C Related Art As a conventional ion beam irradiation apparatus, there has been known a conventional ion beam irradiation apparatus that performs raster scan scanning of an ion beam because the ion beam irradiation apparatus always moves downward from upper left to right.
Then, secondary charged particles emitted from the surface of the workpiece corresponding to the scanning of the ion beam are detected at every moment and computer processing is performed to reproduce a fine pattern image of the surface of the workpiece.

D Problem to be Solved by the Invention However, there is a problem in that the conventional ion beam irradiation apparatus in which the scanning direction is fixed cannot accurately reproduce the fine pattern on the surface of the workpiece.

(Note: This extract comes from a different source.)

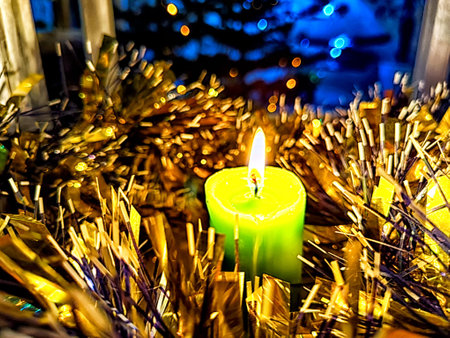 Candle burning amidst holiday decorations. Festive Candles Lighting Up Christmas-Adorned Room at Nightの写真素材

For example, in FIG. 4A, the pattern of the ion beam scanning range 1 may be composed of the substrate surface 2 on the left half and the metal surface 3 on the right half. It is now assumed that the ion beam scanning is always performed from left to right. The surface of the insulator is charged while the ion beam passes through the substrate surface 2 which is the insulator. As a result, when the ion beam 4 passes through the boundary line 5, detection of secondary charged particles is disturbed, and the reproduced image of the boundary line becomes unclear.

Further, as shown in FIG. 4B, when the ion beam 4 is scanned in a direction away from the detector 6, secondary charged particles emitted from the boundary line 5 between the metal surface 3 and the substrate surface 2 are effectively detected. Instead, the reproduced image may become unclear.

E Means for Solving Problems The present invention aims to solve the above problems of the prior art.

That is, the ion beam irradiation control apparatus is provided with an ion beam scanning control means capable of appropriately selecting the scanning direction of the ion beam in accordance with the shape and orientation of the fine pattern to be observed.

F Action The action of the present invention will be described with reference to FIG. 4 again. In FIG. 4 (A), the scanning direction of the ion beam 4 is selected from right to left. Initially, the metal surface 3 is irradiated with the ion beam, but the electric charge provided by the ion beam moves on the metal surface 3 and is not charged. Therefore, when the ion beam passes through the boundary line 5, there is no influence of charging and detection of secondary charged particles by the detector cannot be obstructed.

Further, in the case of FIG. 4B, the scanning direction of the ion beam 4 is selected from the right to the left toward the detector 6 to increase the detection efficiency of secondary charged particles.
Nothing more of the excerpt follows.